Cell phone use now illegal in school zones


Schools across Scott County are heading back into session this week after the Christmas break, and as students return to school, drivers on their cell phones should pay extra attention to those flashing warning lights in school zones.

A new law, which took effect Monday, implements a $50 fine for motorists who are talking on a cell phone while driving through a school zone while the warning lights are active.

The law, Senate Bill 0954, passed the Tennessee General Assembly by overwhelming margins last year. The Senate vote was 26-1, with only Mae Beavers voting no. In the House of Representatives, the bill passed by a 68-11 margin. Kelly Keisling, R-Byrdstown, was among the 11 who voted against the bill.

The bill creates a Class C misdemeanor for motorists who talk on their cell phones while driving through an active school zone.

The new law is one of 16 that took in Tennessee with the ringing in of the new year on Monday. A separate new law requires that new bus drivers be at least 25 years old before they can get a license to drive a school bus, and also requires that new bus drivers complete a training program.

Another law that will impact many local motorists prohibits vehicles from having forward-facing lights that are any color other than white or amber, regardless if they are steady or flashing.
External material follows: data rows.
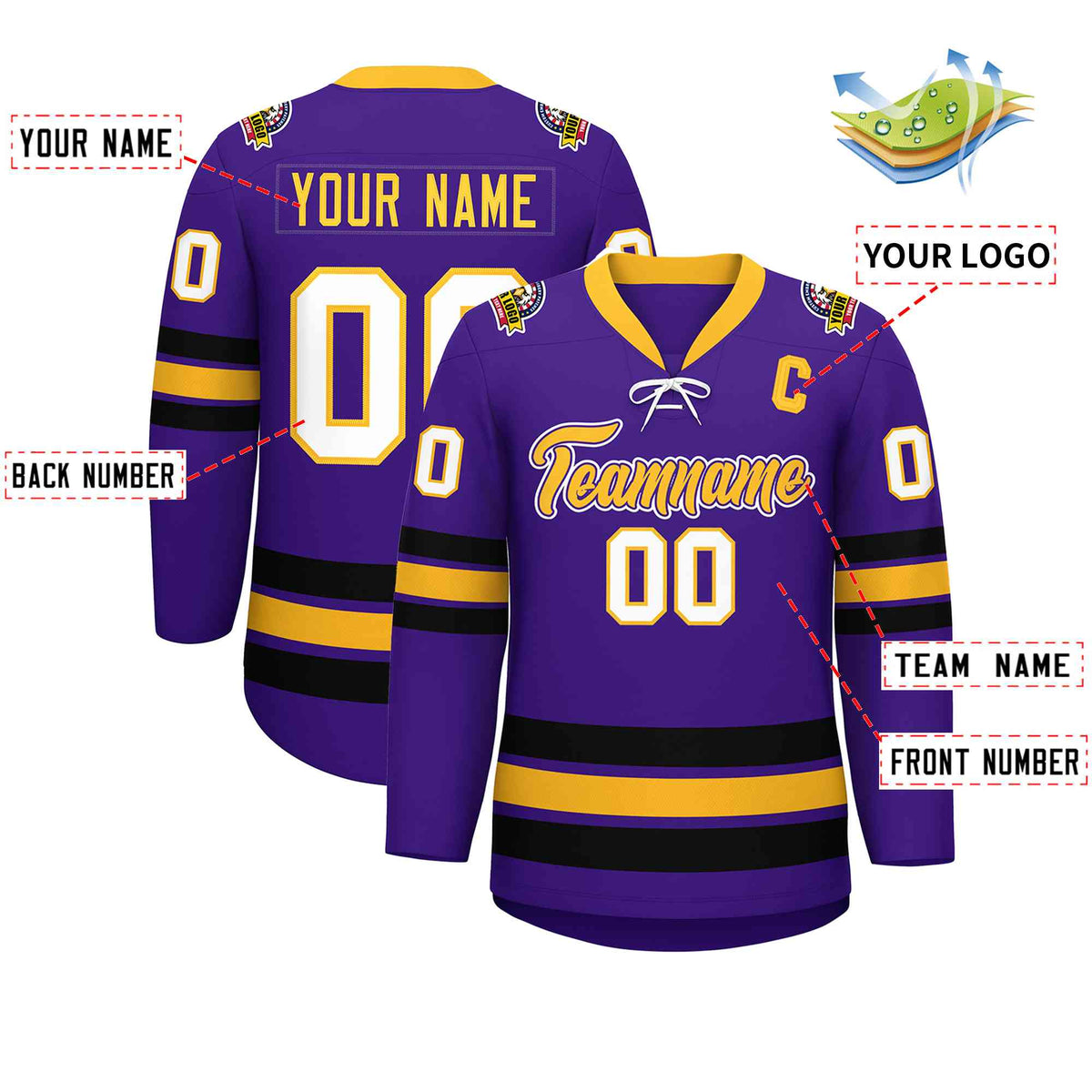 Custom Purple Yellow-Black Lace-Up Neck Hockey Jersey | KXKSHOP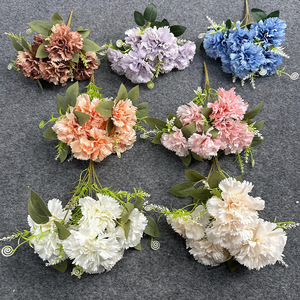 Bouquet de 7 œillets artificiels en soie, fleurs réalistes pour décorations de mariage et salons - Product Image 1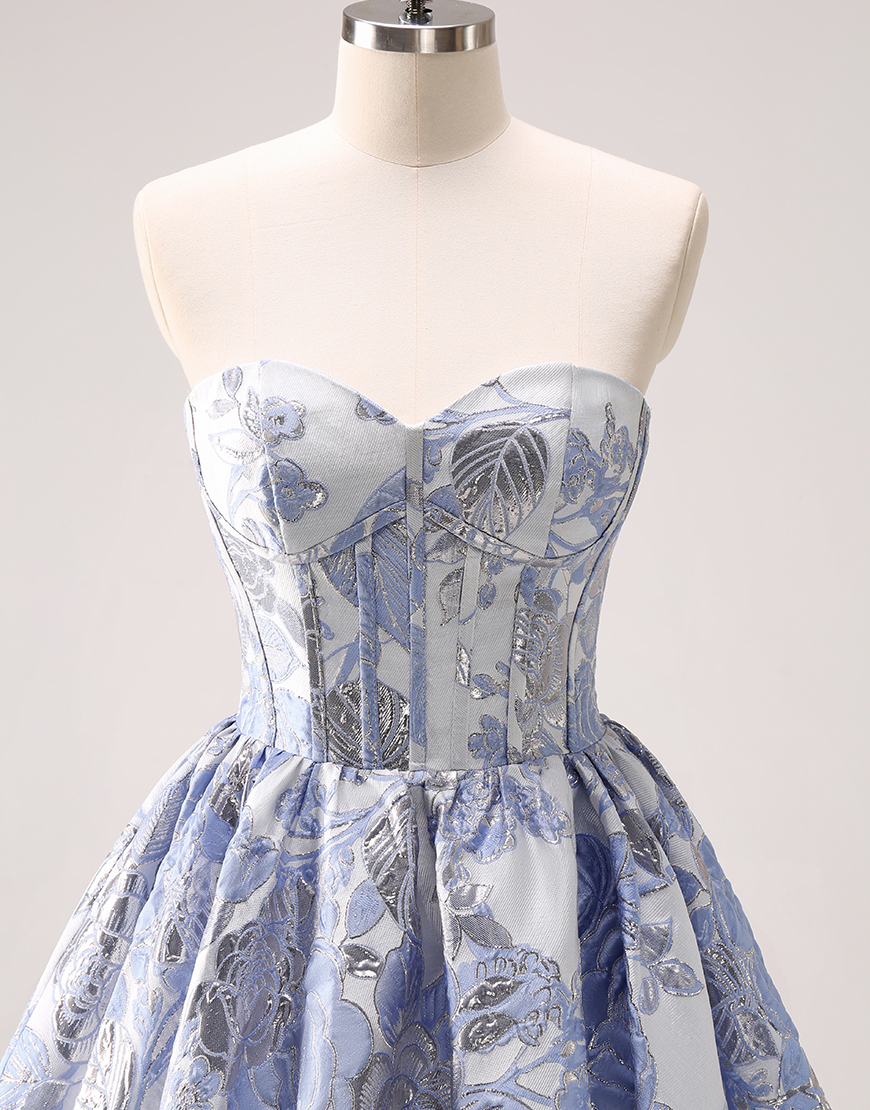 Blue A-Line Sweetheart Floral Ruffle Homecoming Dress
There are exemptions for emergency vehicles, school buses, mail carriers and law enforcement vehicles. The previous law prohibited flashing colored lights but permitted steady burning lights. The new law prohibits those, as well.

House Bill 1291 took effect Monday, removing the Alcoholic Beverage Commission’s jurisdiction over enforcement of criminal offenses involving marijuana. Jurisdiction instead rests with the Tennessee Bureau of Investigation.

Senate Bill 0723, now law, recognizes students’ right of free speech on college campuses by stipulating that colleges and universities cannot bar guest speakers invited to campus by students or faculty just because the speaker’s speech might be considered offensive, while also directing that colleges and universities cannot deny student activity fees to student organizations based on the viewpoints of the organization.

Senate Bill 0032 changes a law that prohibited barbers from performing services inside a client’s home. Previous law allowed a barber to cut hair inside a client’s home only if that person were ill. Now barbers can cut hair inside anyone’s home — but must obtain a residential barber certification.

Finally, House Bill 0689 allows citizens to obtain a handgun carry permit without completing the firing range portion of the training requirement if they can prove they successfully passed small arms training or combat pistol training in the U.S. military.